◆ How to complete this task ◆
Where an entry holds an image, leave the image out; otherwise reproduce the entry exactly.

(Records from a collection)
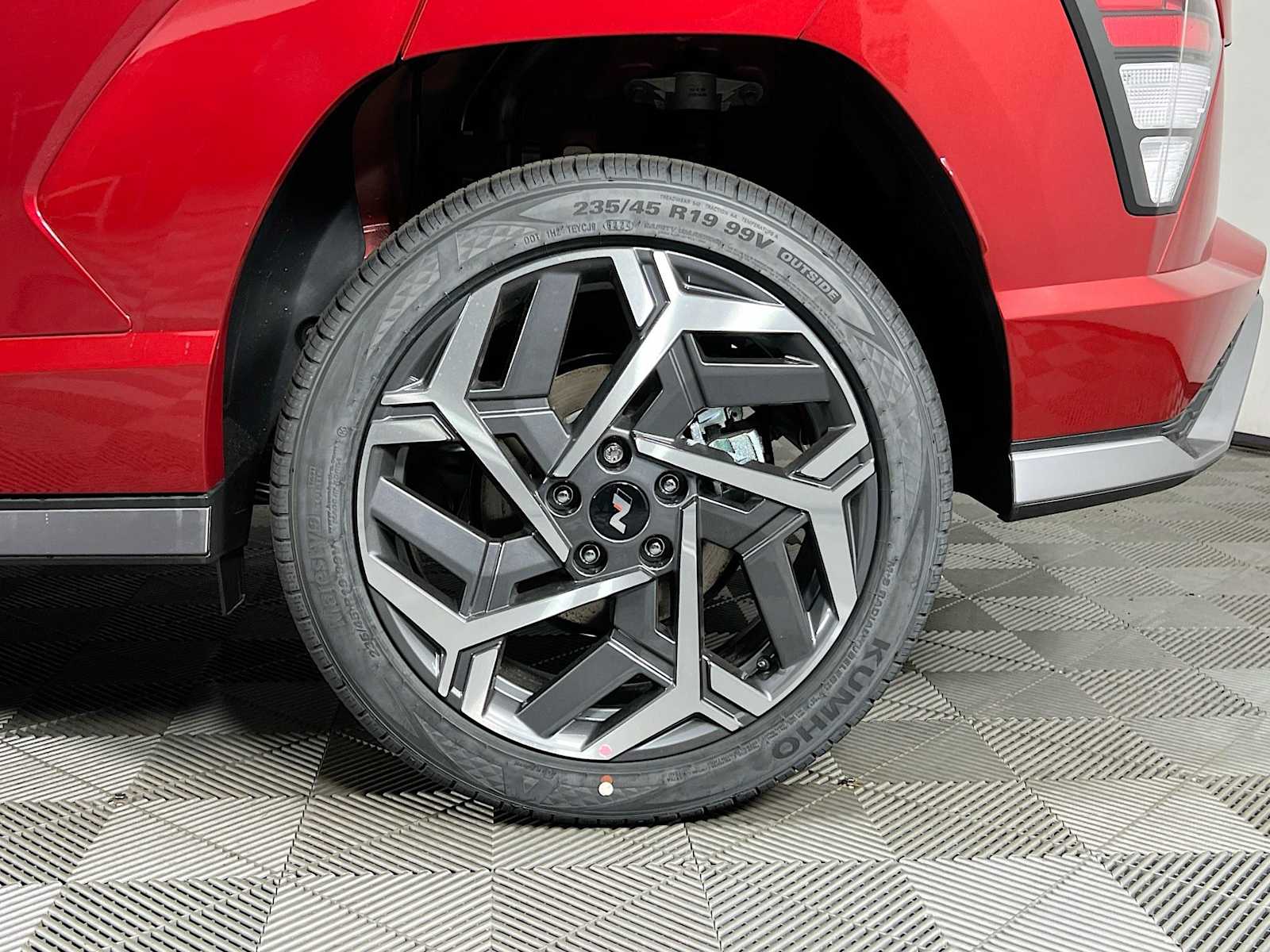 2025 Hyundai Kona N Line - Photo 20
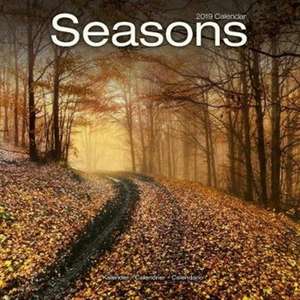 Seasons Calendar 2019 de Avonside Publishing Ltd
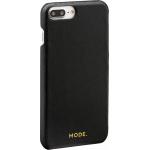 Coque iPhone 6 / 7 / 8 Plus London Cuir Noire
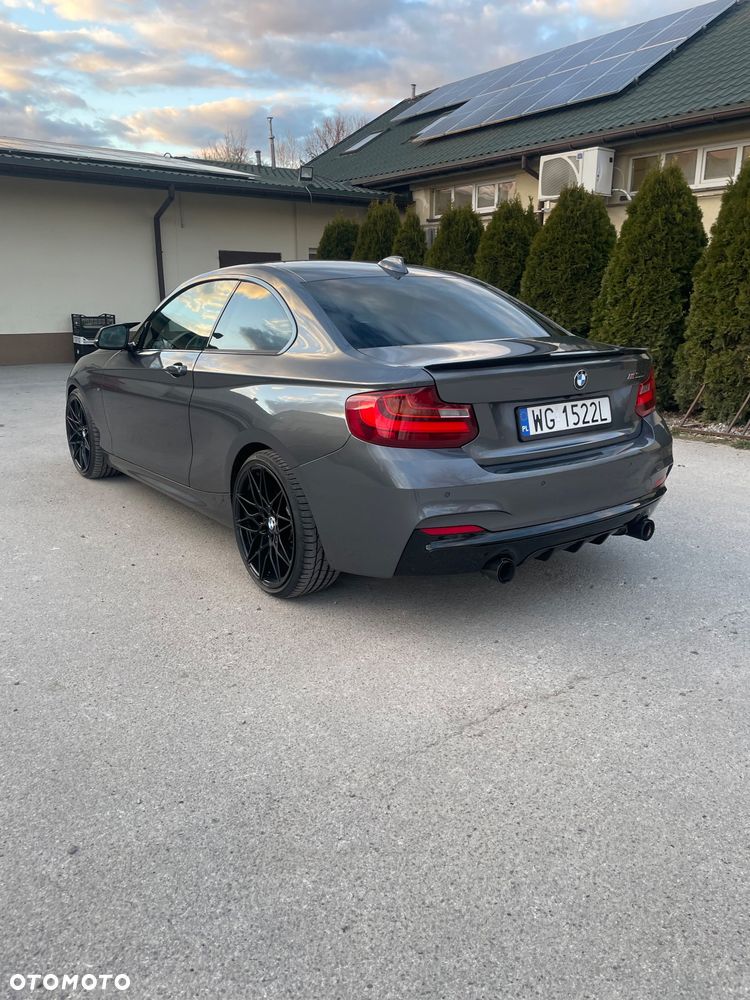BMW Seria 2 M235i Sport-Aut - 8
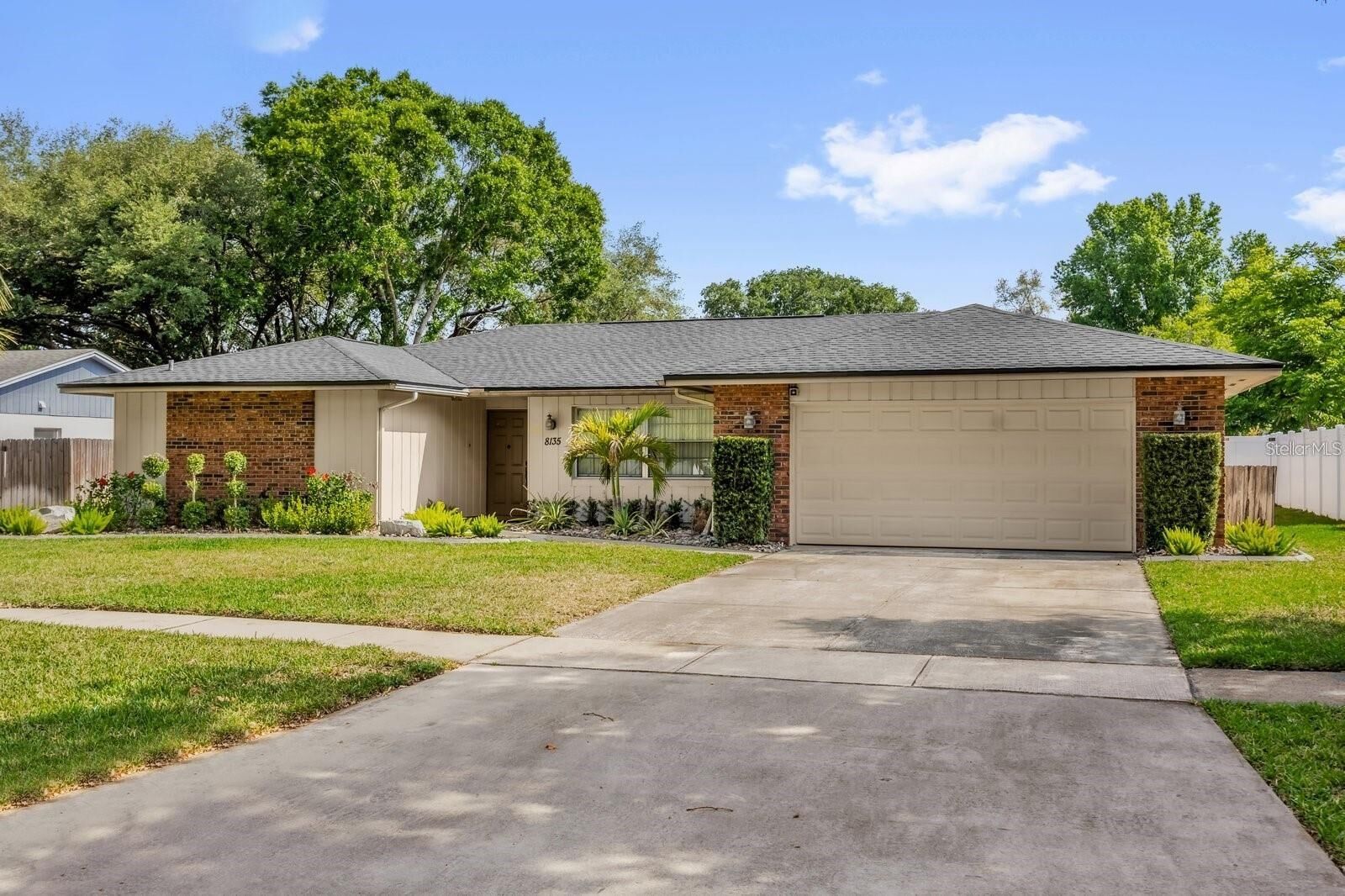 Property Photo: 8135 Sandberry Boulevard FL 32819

◆ Result of the task ◆
 2025 Hyundai Kona N Line - Photo 20
 Seasons Calendar 2019 de Avonside Publishing Ltd
 Coque iPhone 6 / 7 / 8 Plus London Cuir Noire
BMW Seria 2 M235i Sport-Aut - 8
 Property Photo: 8135 Sandberry Boulevard FL 32819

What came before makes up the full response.